Second, the prior uniform distribution on θ seems much too weak. There is a large literature on sex ratios, with factors such as ethnicity, maternal age, and season of birth corresponding to difference in probability of girl birth of less than 0.5 percentage points. It is a priori implausible that sex-ratio differences corresponding to attractiveness are larger than for these other factors. Assigning an informative prior centered on zero shrinks the posterior toward zero, and the resulting posterior probability that θ>0 moves to a more plausible value in the range of 60%, corresponding to the idea that the result is suggestive but not close to convincing.
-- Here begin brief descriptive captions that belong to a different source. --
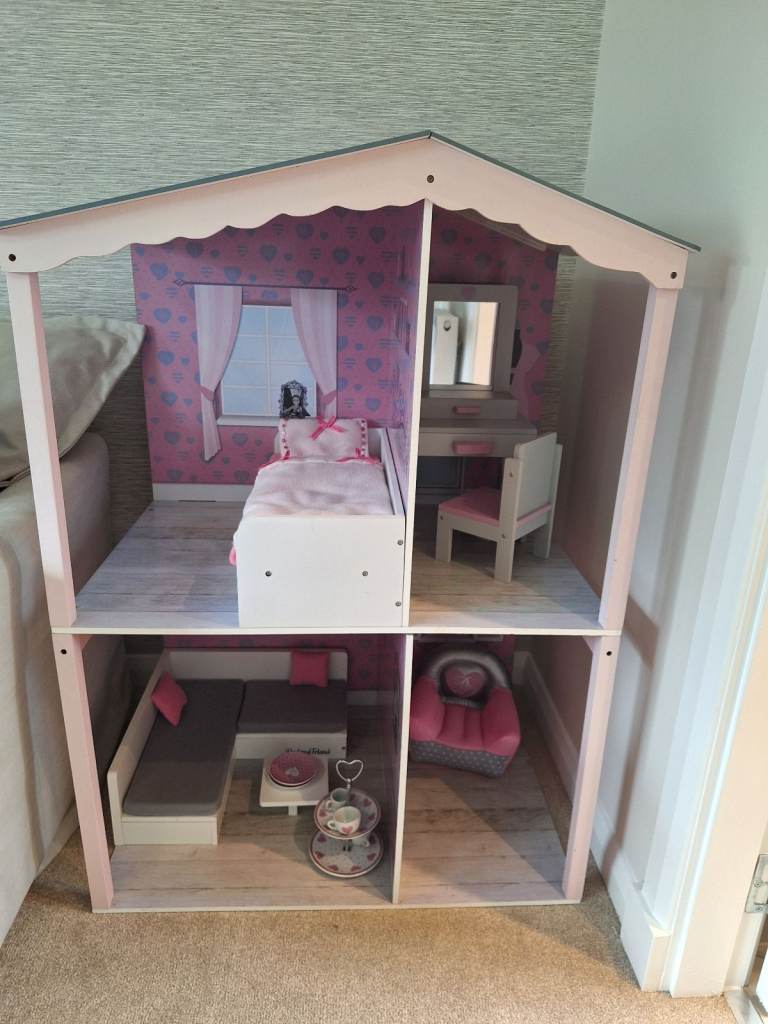 Large Designafriend doll house 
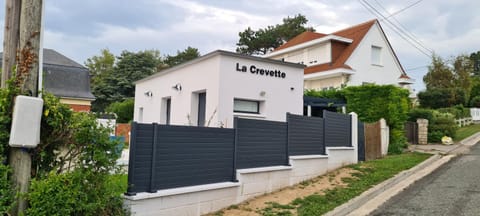 Property building, Street view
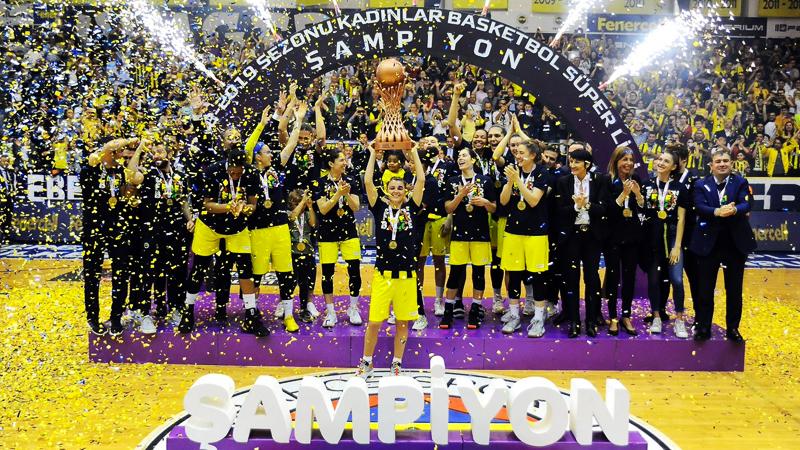 Potada şampiyon Fenerbahçe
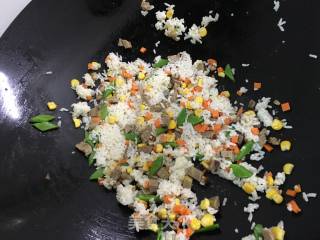 卤鹅肉炒饭的做法步骤：6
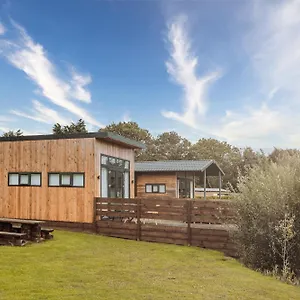 https://little-eden-park-bridlington.yorkshirehotels.net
Third, consider what would happen if we routinely interpreted one-sided p-values as posterior probabilities. In that case, an experimental result that is 1 standard error from zero—that is, exactly what one might expect from chance alone—would imply an 83% posterior probability that the true effect in the population has the same direction as the observed pattern in the data at hand. It does not make sense to me to claim 83% certainty—5 to 1 odds—based on data that not only could occur by chance but in fact represent an expected level of discrepancy. This system-level analysis accords with my criticism of the flat prior: as Greenland and Poole note in their article, the effects being studied in epidemiology are typically range from -1 to 1 on the logit scale, hence analyses assuming broader priors will systematically overstate the probabilities of very large effects and will overstate the probability that an estimate from a small sample will agree in sign with the corresponding population quantity.
Rather than relying on noninformative priors, I prefer the suggestion of Greenland and Poole to bound posterior probabilities using real prior information.
OK, I did discuss some buffoonish research here. But, look, no mockery! I was using the silly stuff as a lever to better understand some statistical principles. And that’s ok.